What were the relations like between Oklahoma natives and the Five Civilized tribes after the Trail of Tears?

by [deleted]

When the Cherokee, Choctaw etc were settled in Oklahoma in the early 19th century, how did they interact with the natives? I don't even know who the natives would have been, or which other tribes were relocated there apart from the Five. Any information on that would also be interesting.

ahalenia

The Indigenous peoples of Oklahoma include the Wichita and Caddo, both of which are confederacies of many smaller tribes. They spanned several states. Wichita oral history says that they have been in situ for a million years, and the describe the region as once being covered by a great water (which of course it was in prehuman times).

The earliest known painted object in all of the Americas is the Cooper Bison Skull, a skull of the extinct Bison antiquus with a red zigzag painted on it. It dates back 10K–11K years and was found at at a buffalo kill site on Beaver River in NW Oklahoma and is only display at the Sam Noble Museum in Norman.

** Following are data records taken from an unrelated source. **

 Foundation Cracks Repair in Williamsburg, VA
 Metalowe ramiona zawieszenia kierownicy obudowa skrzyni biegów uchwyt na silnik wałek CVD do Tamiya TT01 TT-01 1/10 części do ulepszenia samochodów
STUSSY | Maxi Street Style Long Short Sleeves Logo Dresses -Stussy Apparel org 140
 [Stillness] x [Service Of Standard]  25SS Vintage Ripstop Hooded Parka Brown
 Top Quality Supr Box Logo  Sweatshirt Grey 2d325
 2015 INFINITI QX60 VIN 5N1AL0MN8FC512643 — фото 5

Archaeologists have unearthed evidence of Paleoindians throughout the state, but some cultures they describe in particular include: the Calf Creek culture, nomadic hunter-gatherers of Eastern Oklahoma and Western Arkansas, dating back from 5500–2000 BCE. They lived in a particularly arid time and hunted buffalo and antelope. Another hunting-and-gathering society living in southeast Oklahoma is known as the Lawrence culture.

The first evidence of agriculture appears in central and western Oklahoma, dating back possibly 2000 years ago. Maize arrived from Mesoamerica and was a staple of sedentary village life by 800 CE.

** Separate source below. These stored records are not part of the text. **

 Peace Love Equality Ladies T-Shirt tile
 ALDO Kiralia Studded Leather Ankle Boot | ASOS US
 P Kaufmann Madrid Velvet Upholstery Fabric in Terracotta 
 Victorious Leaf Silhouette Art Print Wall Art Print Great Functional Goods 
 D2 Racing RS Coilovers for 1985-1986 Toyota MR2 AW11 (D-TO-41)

The Cooper culture flourished in NE Oklahoma circa 500 CE and had a trade network reaching as far east at present-day St. Louis, Missouri. The Fourche Maline culture lived in the east from 300–800 CE. These ancestral Caddo peoples were part of the Hopewellian exchange, a trade and ideological network that spanned Canada to the Gulf of Mexico. They are known for their Black Midden Mounds.

Spiro Mounds, from 850–1450 CE and in LaFlore County, is Oklahoma's most famous archaeological site. Attributed to ancestral Caddo/Kichai peoples, Spiro was the westernmost major Mississippian center. Maize was the primary staple. Of all the Mississippian sites, Spiro boasts the most elaborate shell-engravings—whelk shell cups used to consumer black drink, a ceremonial beverage containing yaupon holly that is still used today. Copper, wood, pottery, stone, rabbit-fur textiles, and even lace has been recovered from Spiro.

While Caddo cultures flourished in the east, the Panhandle culture, including the Antelope Creek culture, emerged in the west, from 1150 to 1450 CE. They lived on bison, practiced agriculture, mined flint, and built semi-underground, stone-lined pit houses.

ahalenia

Today the federally recognized tribes in Oklahoma are:

Absentee-Shawnee Tribe of Indians
Alabama-Quassarte Tribal Town
Apache Tribe
Caddo Nation of Oklahoma
Cherokee Nation
Cheyenne-Arapaho Tribes
Chickasaw Nation
Choctaw Nation of Oklahoma
Citizen Potawatomi Nation
Comanche Nation
Delaware Nation
Delaware Tribe of Indians
Eastern Shawnee Tribe of Oklahoma
Fort Sill Apache Tribe of Oklahoma
Iowa Tribe of Oklahoma
Kaw Nation
Kialegee Tribal Town
Kickapoo Tribe of Oklahoma
Kiowa Indian Tribe of Oklahoma
Miami Tribe of Oklahoma
Modoc Tribe of Oklahoma
Muscogee (Creek) Nation
Osage Tribe
Ottawa Tribe of Oklahoma
Otoe-Missouria Tribe of Indians
Pawnee Nation of Oklahoma
Peoria Tribe of Indians of Oklahoma
Ponca Tribe of Indians of Oklahoma
Quapaw Tribe of Indians
Sac & Fox Nation
Seminole Nation of Oklahoma
Seneca-Cayuga Tribe of Oklahoma
Shawnee Tribe
Thlopthlocco Tribal Town
Tonkawa Tribe of Indians of Oklahoma
United Keetoowah Band of Cherokee Indians in Oklahoma
Wichita and Affiliated Tribes (Wichita, Keechi, Waco and Tawakonie)
Wyandotte Nation.

The Yuchi and Natchez are not recognized, but Yuchi and Natchez people are enrolled in other federally recognized tribes (mainly Creek, Cherokee, and Shawnee tribes). Oklahoma has 39 tribes. Sometimes it is incorrectly described as having the most tribes of any state; however, California has over 102 federally recognized tribes.